Task description.
Please retype the records below exactly as they appear, but leave out the pictures.

Short text fragments from websites:
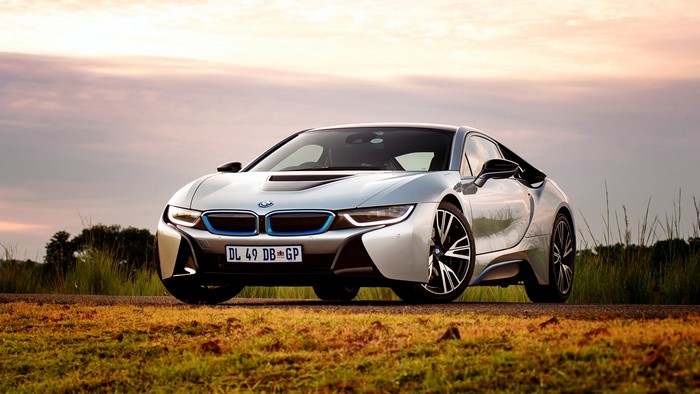 BMW i8 car on a road at sunset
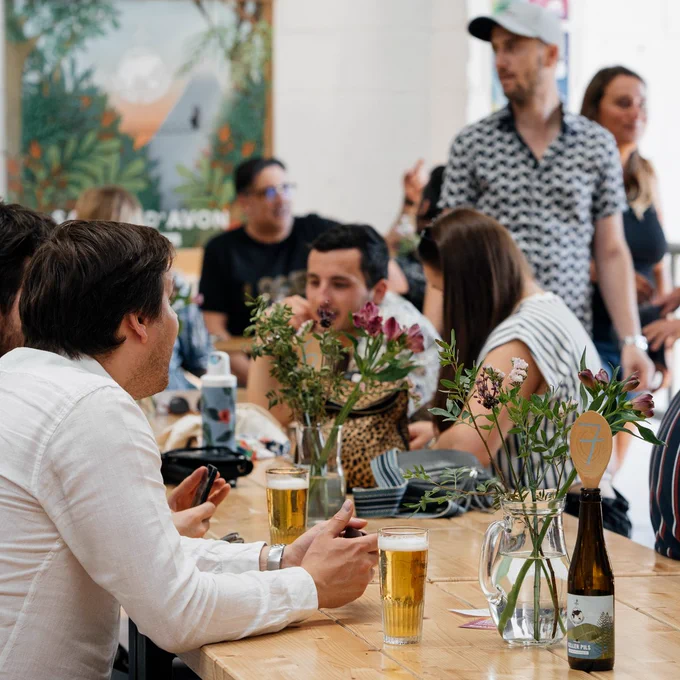 People sat together, chatting and enjoying tasty beers at the taproom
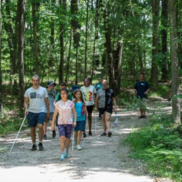 Group of students and adults using walking sticks walking through a trail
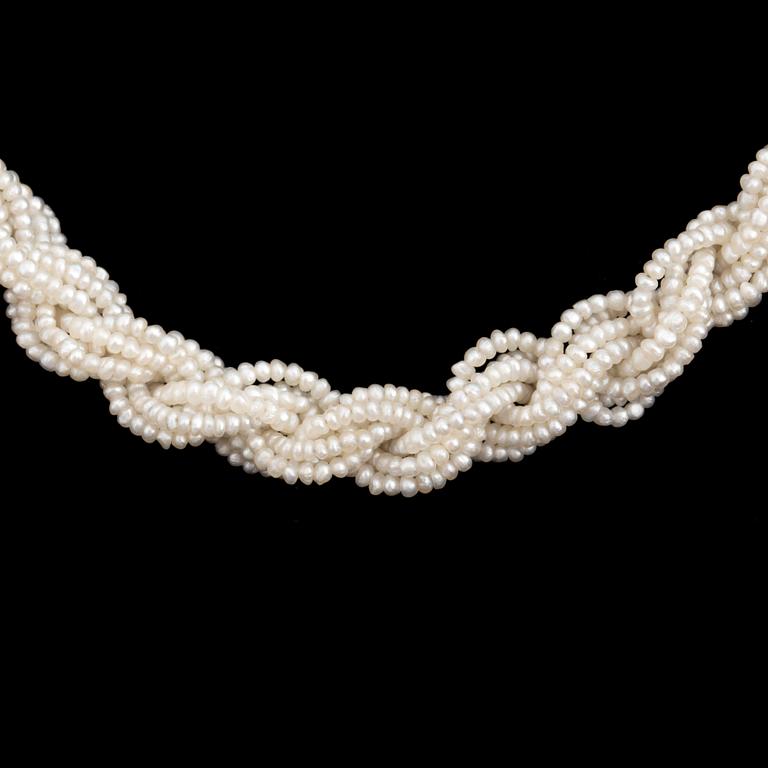 A necklace of cultured pearls and seed pearls with a silver clasp decorated with probably synthetic rubies.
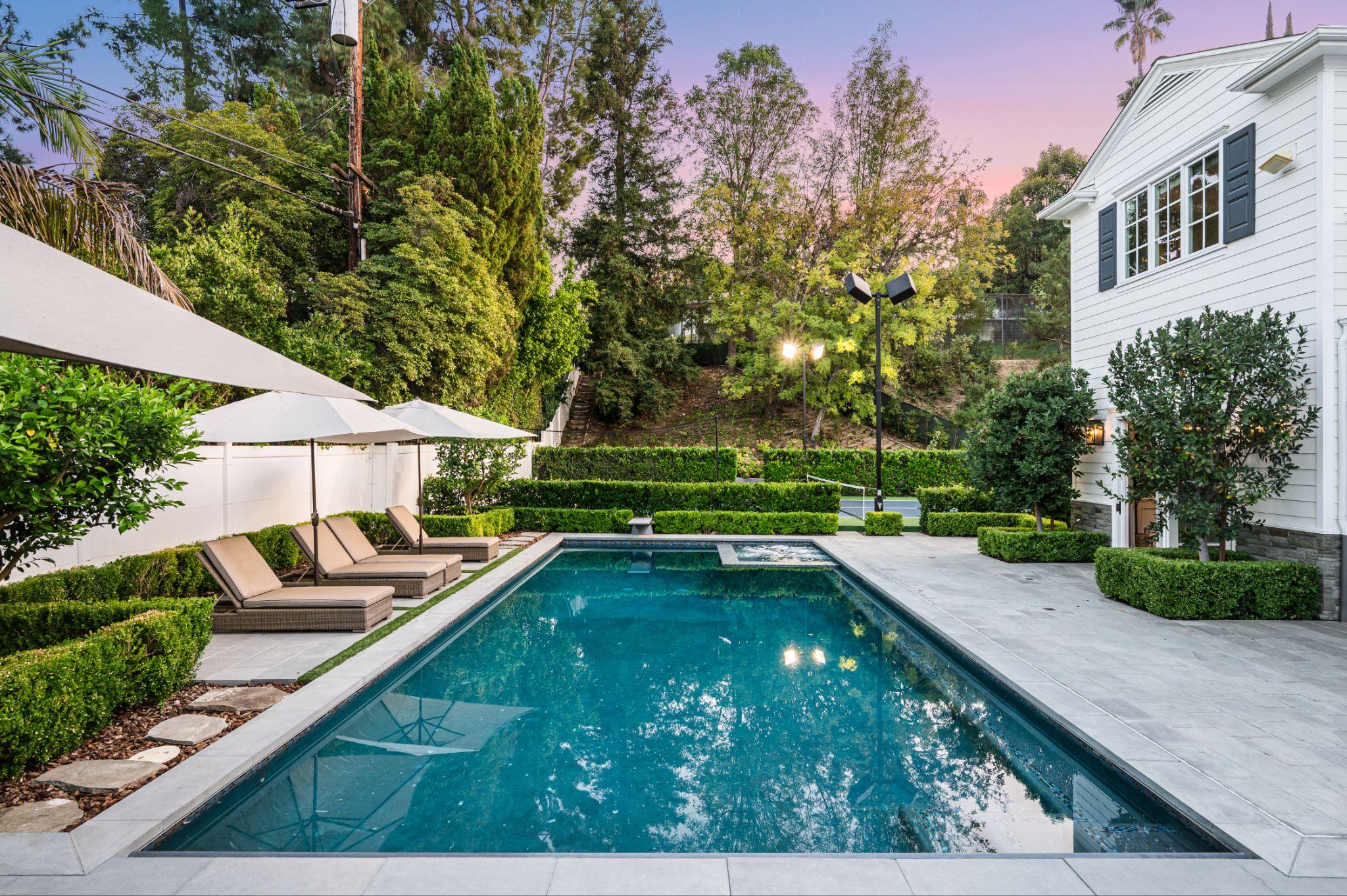 Rectangular swimming pool with stone patio, lounge chairs, and manicured hedges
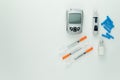 Glucometer and other blood sugar supplies.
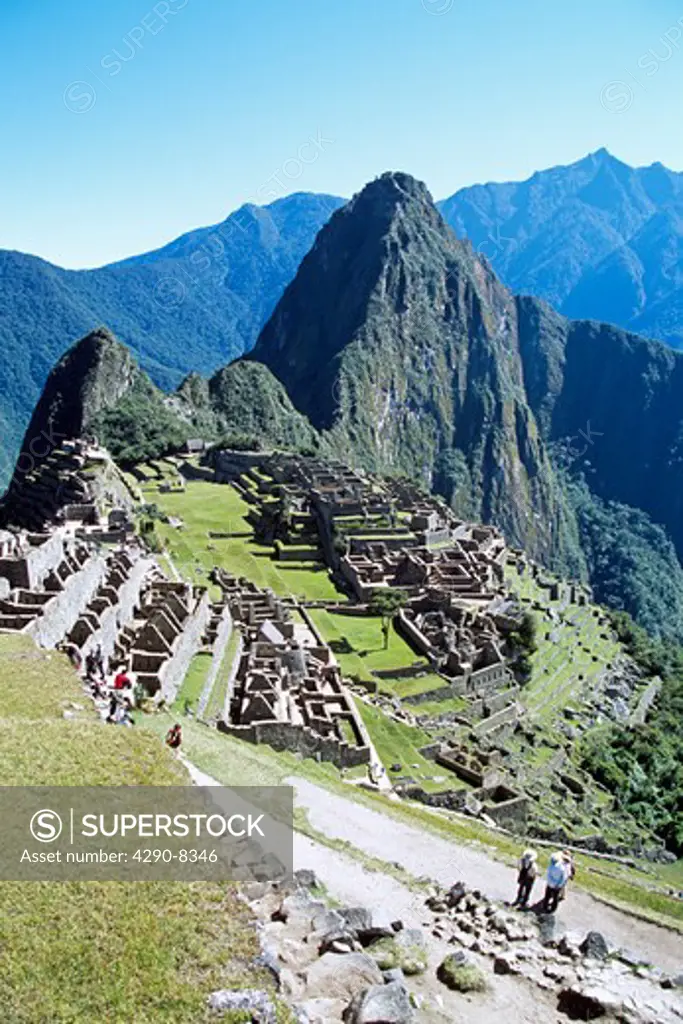 Machu Picchu Inca ruins, terraces, visitors and Huayna Picchu, Peru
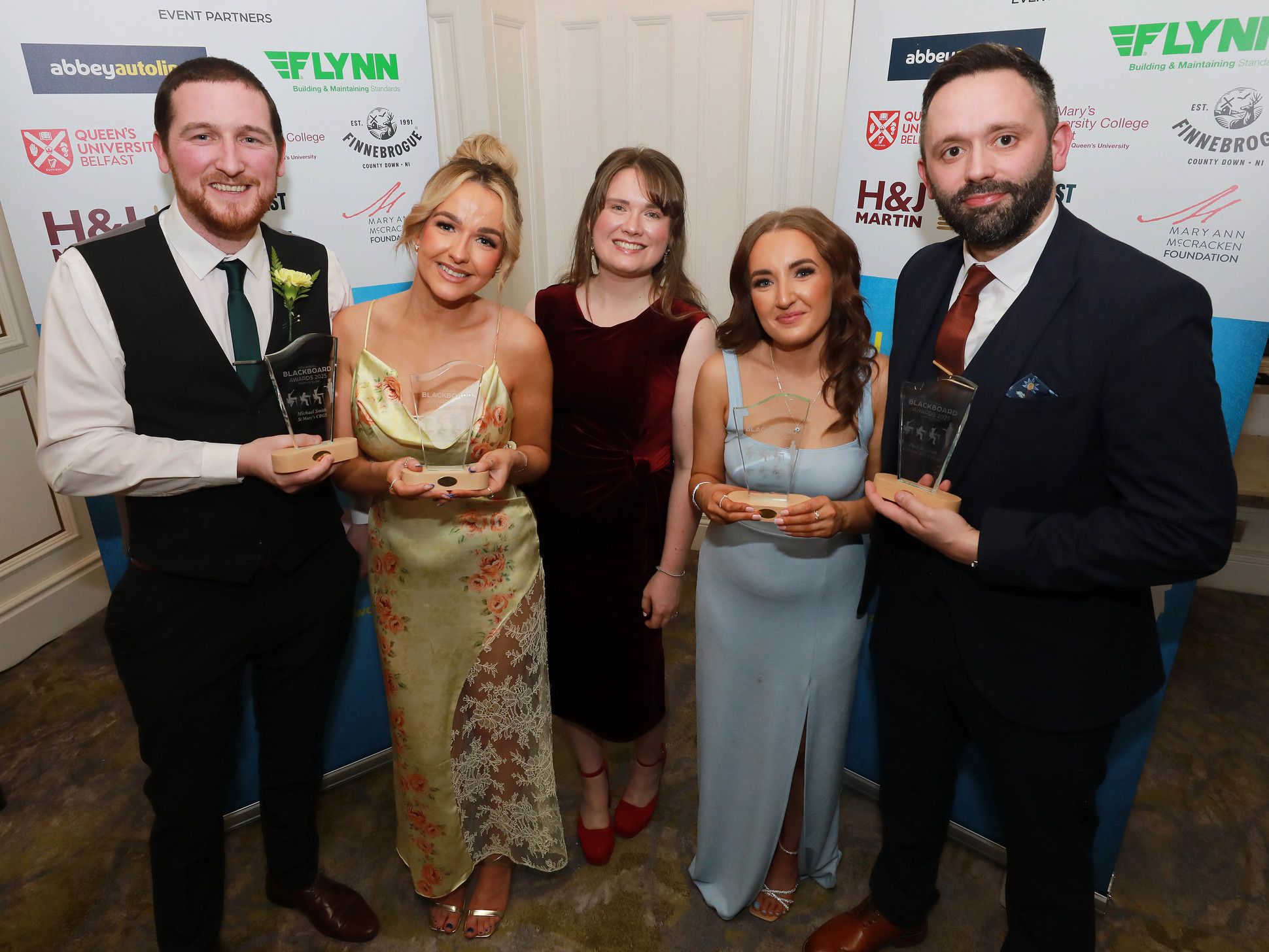 Michael Smith (St Mary's CBGS), Cailín Fox (Bunscoil Phobal Feirste), Niamh Doyle (Gaelscoil an Lonnáin) and Paul Brennan (Edmund Rice College) with Kerry Reid (Head of Marketing, H&J Martin) 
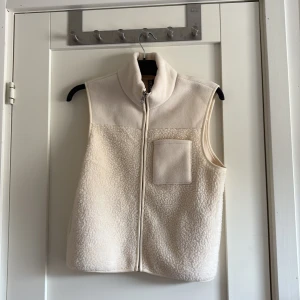 Beige fleeceväst från Pieces - Mysig beige fleeceväst från Pieces med hög krage och dragkedja framtill. Västen har en bröstficka och är tillverkad i mjukt teddyfleece-material. Perfekt att slänga över en hoodie eller långärmad tröja för extra värme.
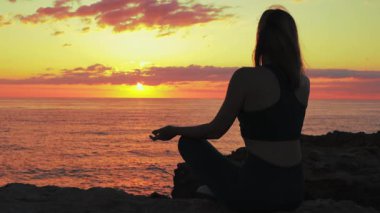 Günbatımında meditasyon yapan genç bir kadın.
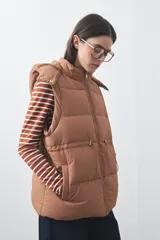 Chaleco puffer negro con diseño acolchado, capucha desmontable y cierre frontal. Cuenta con cordones ajustables en la cintura y bolsillos laterales.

Exercise result.
 BMW i8 car on a road at sunset
 People sat together, chatting and enjoying tasty beers at the taproom
 Group of students and adults using walking sticks walking through a trail
 A necklace of cultured pearls and seed pearls with a silver clasp decorated with probably synthetic rubies.
 Rectangular swimming pool with stone patio, lounge chairs, and manicured hedges
 Glucometer and other blood sugar supplies.
 Machu Picchu Inca ruins, terraces, visitors and Huayna Picchu, Peru
 Michael Smith (St Mary's CBGS), Cailín Fox (Bunscoil Phobal Feirste), Niamh Doyle (Gaelscoil an Lonnáin) and Paul Brennan (Edmund Rice College) with Kerry Reid (Head of Marketing, H&J Martin) 
 Beige fleeceväst från Pieces - Mysig beige fleeceväst från Pieces med hög krage och dragkedja framtill. Västen har en bröstficka och är tillverkad i mjukt teddyfleece-material. Perfekt att slänga över en hoodie eller långärmad tröja för extra värme.
 Günbatımında meditasyon yapan genç bir kadın.
 Chaleco puffer negro con diseño acolchado, capucha desmontable y cierre frontal. Cuenta con cordones ajustables en la cintura y bolsillos laterales.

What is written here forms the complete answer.